It's a point of contention whether or not Date Palms fit comfortably in any category, said Jefre Cantu, who recruited the band to play in an annual event that sounds like an oxymoron — a drone music festival. Called On Land, it started as a de facto showcase for San Francisco record label Root Strata and eventually morphed into its own whirring, oscillating, monotonal animal. Granted, many bands wouldn't necessarily characterize themselves as drone. "I would argue that what Gregg and Marielle do is not really drone, either," Cantu said. "Maybe it's droney to the average listener.
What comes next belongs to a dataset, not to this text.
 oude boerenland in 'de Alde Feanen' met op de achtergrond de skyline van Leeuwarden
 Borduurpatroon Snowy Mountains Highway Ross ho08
Maybe I'm being too detailed about it." He concedes that most bands on the On Land bill fall within that realm, albeit with reservations.
Kowalsky's solo projects, on the other hand, are unabashedly drone. Take Tape Chants, his 2009 solo release on Kranky Records. It's extremely minimal, and the first track is twenty minutes long. In comparison, Date Palms' work is a little more action-packed. The first song on their debut album, Of Psalms, sounds like classical Indian music, chopped and screwed. It begins with a long, repetitive bass ostinato, over which the two musicians layer several instruments: Appalachian psaltery; Fender Rhodes; hammer dulcimer; tanpura; sine wave oscillators; analog synth; long, bendy violin notes. The instruments all congeal to form a single chord tone. It's rich, dense, and oversaturated, but the consonant harmonies keep it warm and inviting, even to the untrained ear. To Cantu, it sounds like a record played at half-speed. If you sped it up, you'd get pop music.
Creating that sound is a rigorous process. Jakobsons taught herself to play electric bass for the project. Often, she'll start a piece by bowing a violin line, which Kowalsky will record on cassette. He'll play it back at a slower tempo, so that Jakobsons can layer more notes on top. "It creates sort of a phasing effect," Kowalsky explained. The two primarily record in their Jingletown loft, which they've rigged with modular synths, capacitors, and a small arsenal of string instruments. Onstage they multitask: Jakobsons flits from violin to bass, while Kowalsky handles the synths and miscellany. The musicians' penchant for fixating on a single chord makes their music seem meditative, even though it's actually very labored.
Such is the paradox of drone music. Not every band at On Land has the same classical-music pedigree as Date Palms, but many of them fall into the simple-but-effortful category. They privilege notes over melodies, and sounds over notes. And yet, their music has a lot of intentionality. It's not for people with short attention spans. And it's definitely not just noise.